Prince Fortinbras- Page 15 Act 1 Sc 1
“Now, sir, young Fortinbras,
Of unimproved mettle hot and full,
Hath in the skirts of Norway here and there
Sharked up a list of lawless resolutes
For food and diet, to some enterprise
That hath a stomach in ‘t; which is no other
(As it do well appear unto our state)
But to recover of us, by strong hand
And terms compulsatory, those foresaid lands
So by his father lost.”

Prince Fortinbras tries to take the land in which his father lost to Hamlet. He is doing this to get revenge, which all leads back to Old Hamlet’s death. In this quote, Fortinbras is trying to act like a “hero”, that he is set on what he is doing and is sure it’s going to work. Also, the last line, “So by his father lost”, is a perfect place to close this quote because it’s very blatant and indirectly explains that the whole point of doing what’s about to happen, is because of his father’s death.

Queen Gertrude- Page 25 Act 1 Sc 2
“Good Hamlet, cast thy nighted color off,
And let thine eye look like a friend on Denmark.
Do not forever with thy vailed lids
Seek for thy noble father in the dust.
Thou know’st ‘tis common; all that lives must die,
Passing through nature to eternity.”

Hamlet’s mother, Queen Gertrude, tells him to stop complaining, and to try to stop thinking about his father. She says death is common, but Hamlet will still continue to struggle with the loss of his father throughout the rest of my play. Hamlet’s haunted by his father’s ghost, so obviously it’s going to be very difficult to get rid of those thoughts. “All lives must die”, is something he’ll need to learn to realize.

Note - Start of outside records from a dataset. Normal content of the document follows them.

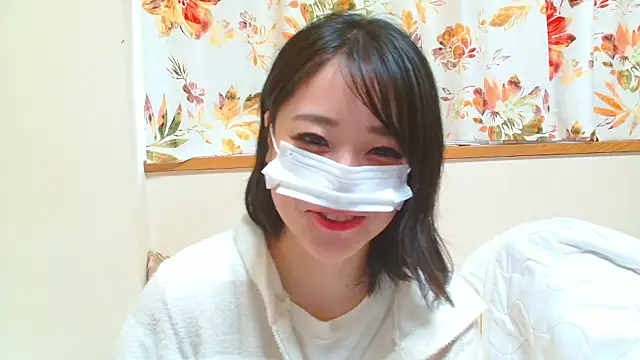 Snapshot of liliyRiSAcha-n chatting on February 24, 2026, 6:55 am liliyRiSAcha-n online show from February 24, 2026, 6:55 am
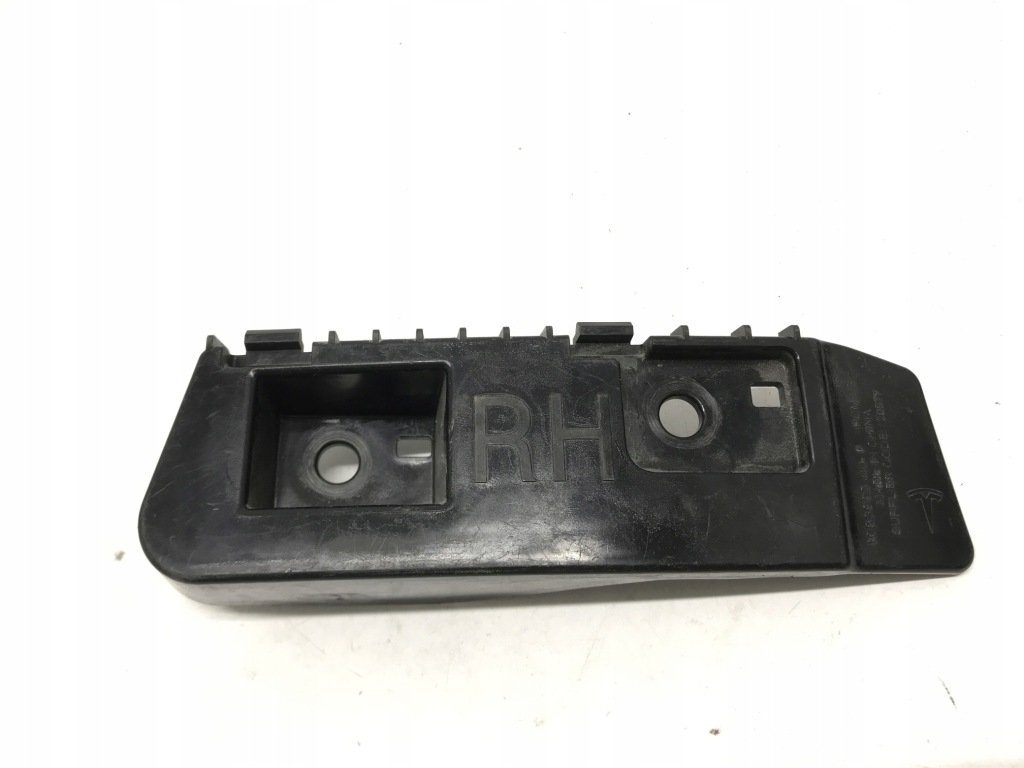 фото №1, Tesla 3 напрямна бампера правий задня 1083993-00-d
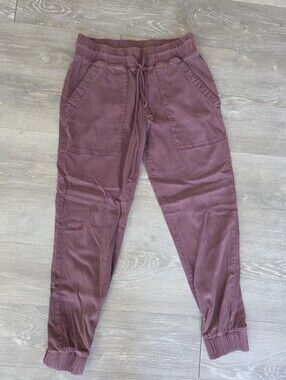 Bella Dahl Pocket Jogger Pants in Maroon/Plum - Size XS
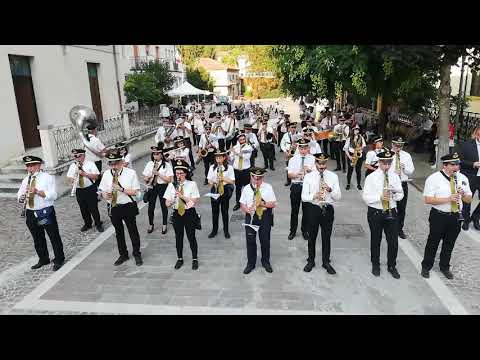 Radiosa (Marcia) - M° Vito Di Benedetto - Complesso Banda di Introdacqua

Hamlet- Page 29 Act 1 Sc 2
“O, that this too, too sullied flesh would melt,
Thaw, and resolve itself into a dew,
Or that the Everlasting had not fixed
His canon ‘gainst O God, God,
How stale, flat, and unprofitable
Seem to me all the uses of this world!”

When Hamlet uses the terms, “flesh” to “melt” and eventually turning into nothing but “dew”, he is using this diction in order to express his anger towards his father’s death. Not only is he angry about that, but also that his mother is remarrying his uncle. This quote makes me believe that Hamlet is going crazy; they way he says it allows me to think that he’s emotionally unstable.

Ghost- Page 61 Act 1 Sc 5
“O horrible, O horrible, most horrible!
If thou hast nature in thee, bear it not.
Let not the royal bed of Denmark be
A couch for luxury and damned incest.
But, howsomever thou pursues this act,
Taint not thy mind, nor let the soul contrive
Against thy mother aught. Leave her to heaven
And to those thorns that in her bosom lodge
To prick and string her.”

The Ghost is telling Hamlet to leave Gertrude out of this situation, which involves revenge. “Leave her to heaven”, is saying leave her alone, and keep her out of it. Hamlet agrees with keeping her out of the situation, however he can’t help himself. All he can think or speak of is his mother’s sexual relationship with his uncle, Claudius, when really, he should be focusing on what he can do to go against him. Hamlet has a sort of obsession with Gertrude, which will cause problems later in the book.